A separate complainant told me by email: “I discovered that PHSO had not given full information to the first clinical adviser but her advice was wrong anyway and PHSO had deliberately omitted a particular statement she made that would strengthen my case.”

Complainant after complainant tells me that the PHSO ignores the complainant’s evidence, accepts the subject’s word despite contradictory documents, and incorporates the subject’s rebuttals without giving the complainant opportunity to rebut. 

In all cases shown to me, the complainant is engaged remotely, while some subjects were engaged in person. The PHSO routinely reports the names of complainants and victims, but not the subjects of complaint. Some complainants have obtained, under Freedom of Information requests, correspondence between the subject and the PHSO characterising the complainant as a troublesome person who could never be satisfied and thus should be ignored.

One complainant revealed that they received just two phone calls from PHSO during the 15 months that the PHSO took to formally investigate. In that time, the PHSO ignored all emails. One complainant summarised the PHSO’s final report (four years after accepting the complaint) as “overreliance on unsubstantiated NHS lies, secret accusations, false paper trails, submissions, deflective argument, and unfair personal innuendo.” 

Margaret Whalley has publicised the sorry story of the avoidable death of a brother. More than two years after first contacting the PHSO, “it was apparent that my evidenced-based corrections to PHSO adviser reports were not being addressed…I complained upwards sending evidence.  Despite my protests by early December, the Draft was sent out to all parties…Through a Subject Access Request (SAR)…I see now the flurry that must have ensued following the request I made for the material evidence. It is clear that before the release of the Final Report, many staff knew there was no material evidence to support most of the decisions. Decisions therefore would be indefensible if challenged.  One named member of staff offered to try to backfit evidence.”
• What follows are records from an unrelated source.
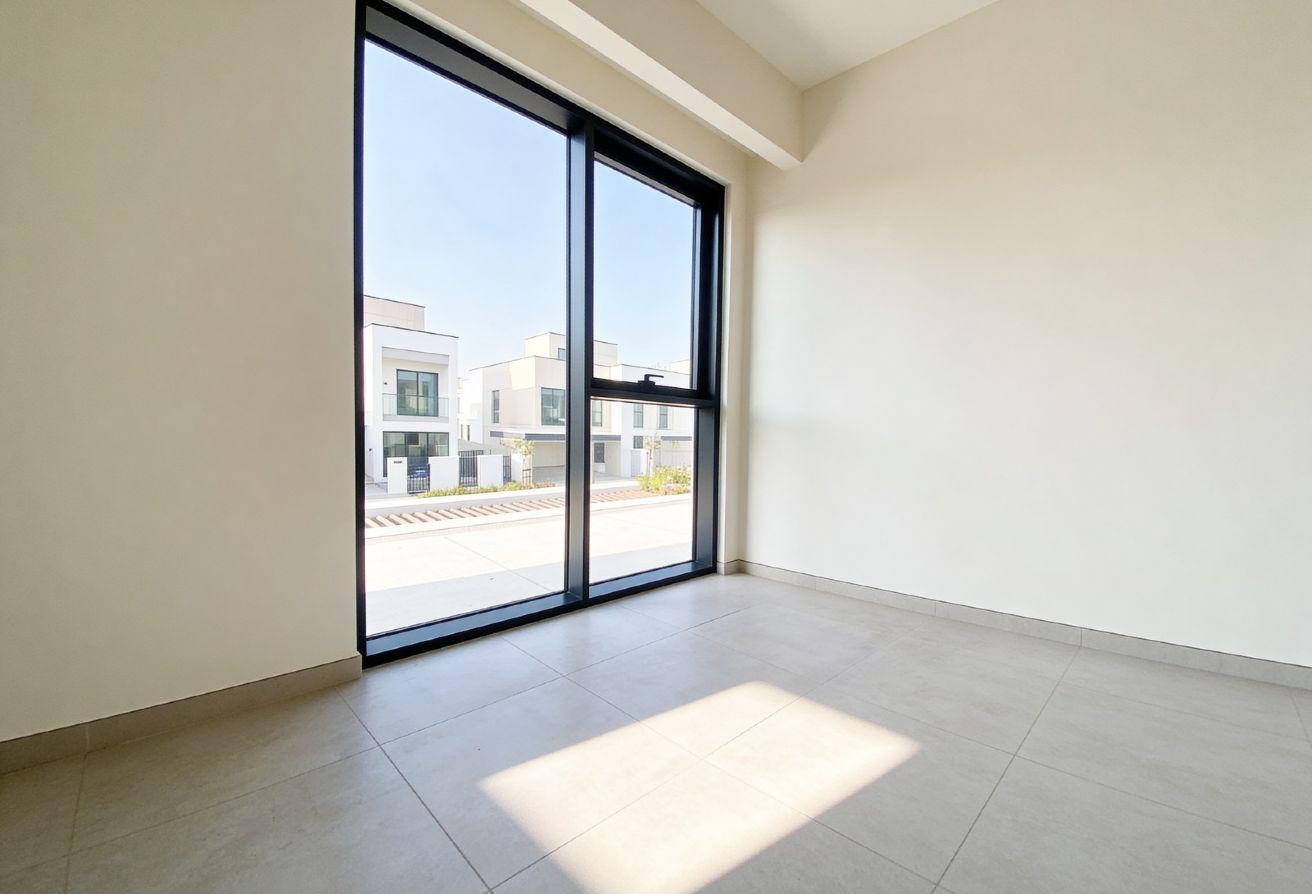 Central Park Facing | Brand New Villa | Single Row photo 3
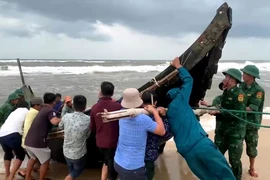 Kịp thời ứng cứu 3 ngư dân Quảng Trị gặp nạn trên biển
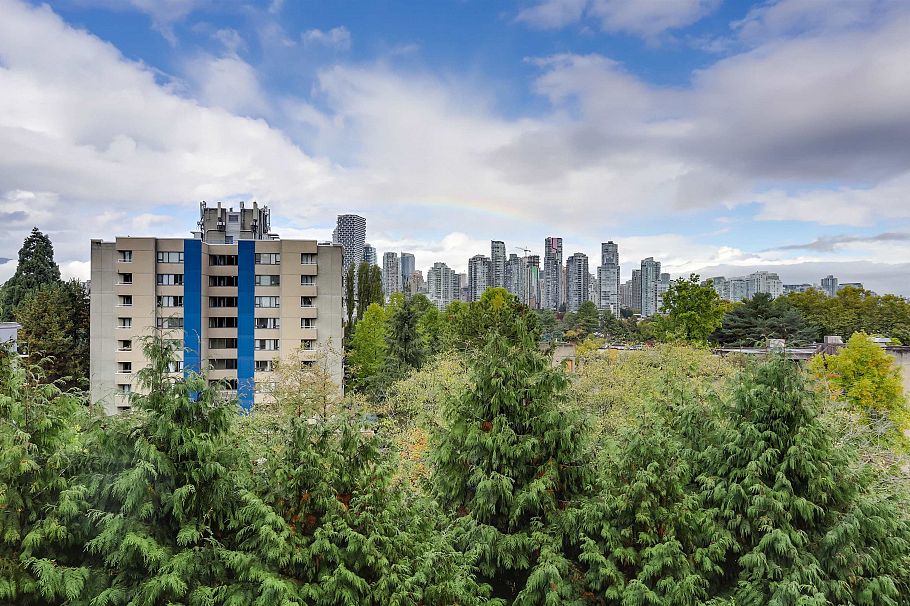 305 1365 W 4th Avenue Vancouver, BC - 19
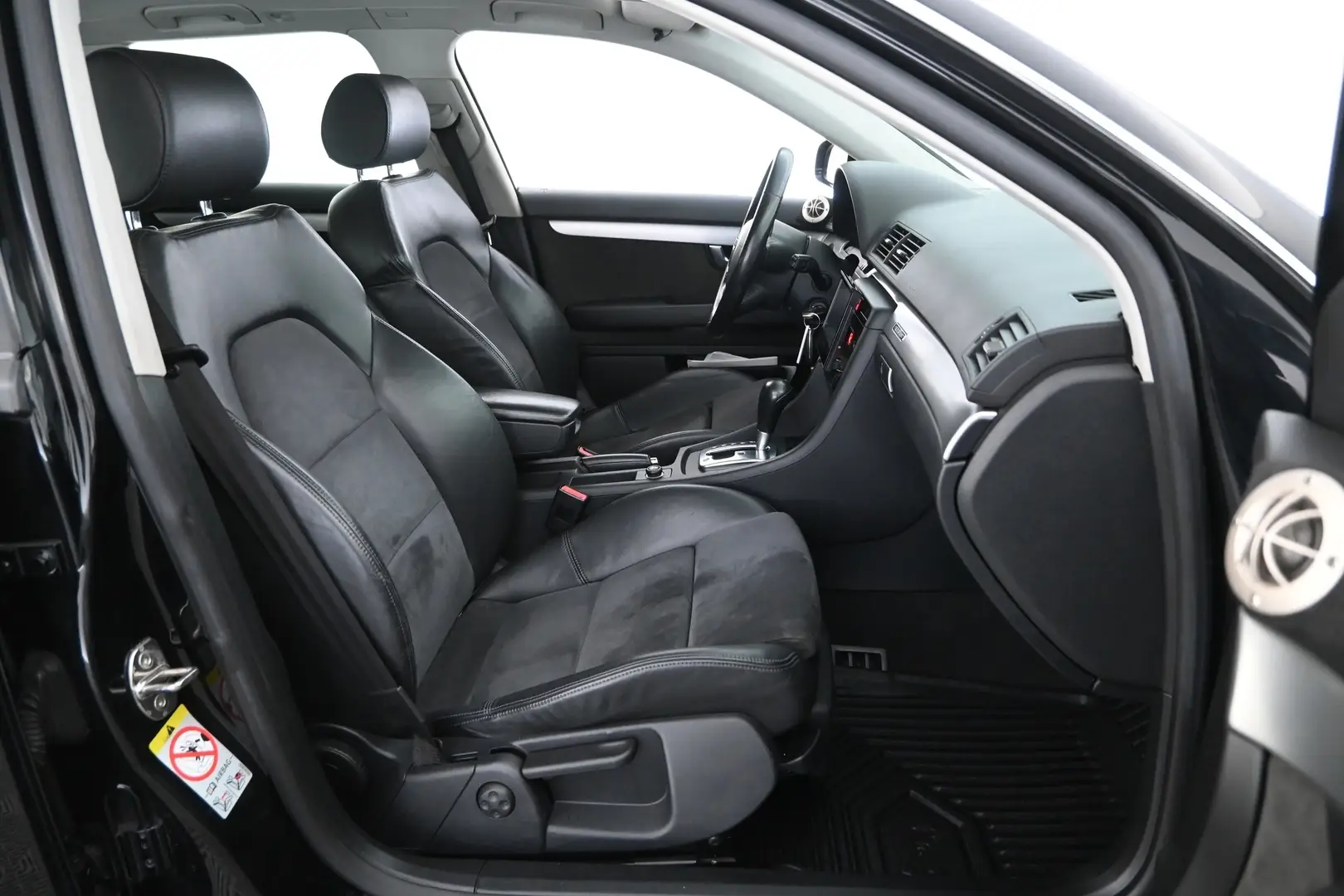 Car Image - 6HSmpHbKU7e9EdlFPpPXf9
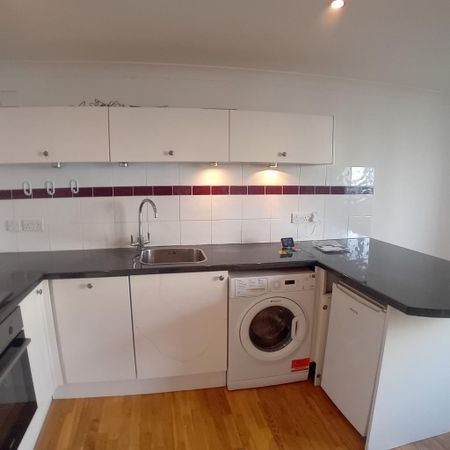 2 bedroom maisonette to rent - Photo 4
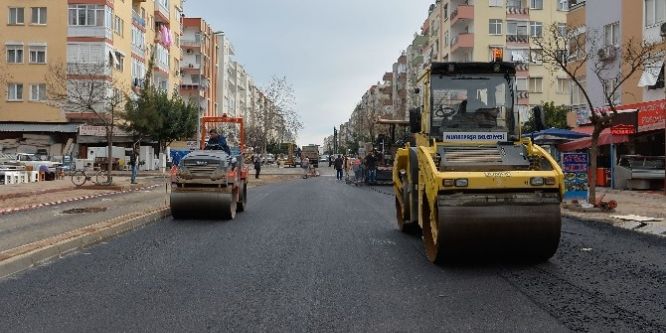Muratpaşa Belediyesi Zambak Caddesi’ndeki çalışmalarını tamamladı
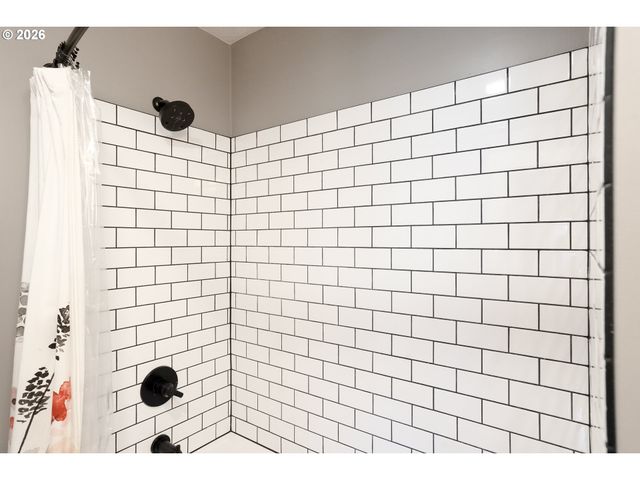 424 S 3RD St, Silverton, OR 97381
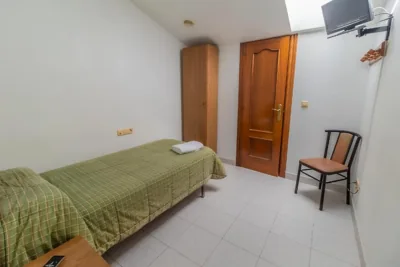 Hostal - Restaurante La Buena Villa — foto 8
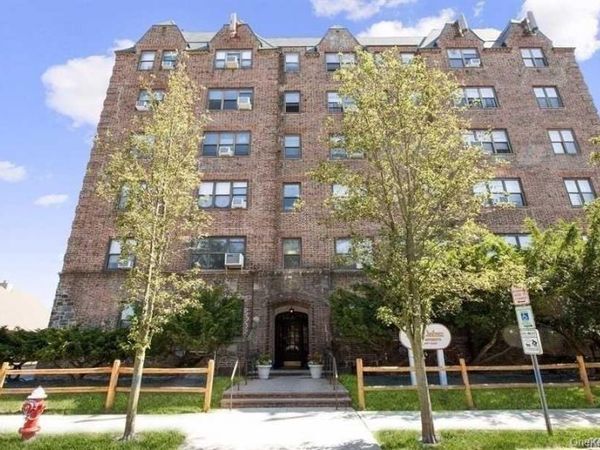 141 Wyckoff Place, Unit 4A, Woodmere, NY 11598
I have seen parts of the PHSO’s internal review of this case: it admits that the PHSO cannot “defend our findings” without evidence, and that a judicial review would present “significant risk.”

Recommendations

In the immediate term, my recommendation to complainants is to issue civil legal action against the first subject of complaint (the hospital, say), and ignore the PHSO. Otherwise, the PHSO will likely waste years of your time and muddy your complaint.

If you are already enmeshed with the PHSO, file a Freedom of Information request for all materials relating to your complaint, and threaten a judicial review. As shown above, the threat seems sufficient to force the PHSO into U-turns. Engaging a solicitor for the threat is expensive, but not as expensive as proceeding to court. Solicitors should be increasingly willing to take on such cases given precedents.

These are only immediate, private solutions. The indefinite, public solution is to make the PHSO accountable to elected politicians and thence the public. Governments tend to alleviate criticism of the PHSO with idle promises (such as increasing transparency), changes of personnel (which, perversely, enhance unaccountability), or new, misleadingly-titled organisations (such as Hunt’s Healthcare Safety Investigations Branch of 2017).

The government should separate a Healthcare Ombuds and make it accountable to the Health Secretary, Parliament’s Health and Social Care Committee, and PACAC. They should gain powers to review its judgements and sanction the office and its person. The staff should be civil servants, not “independents.” 

Public healthcare needs public accountability. That would be good for democracy, the taxpayer, and patients.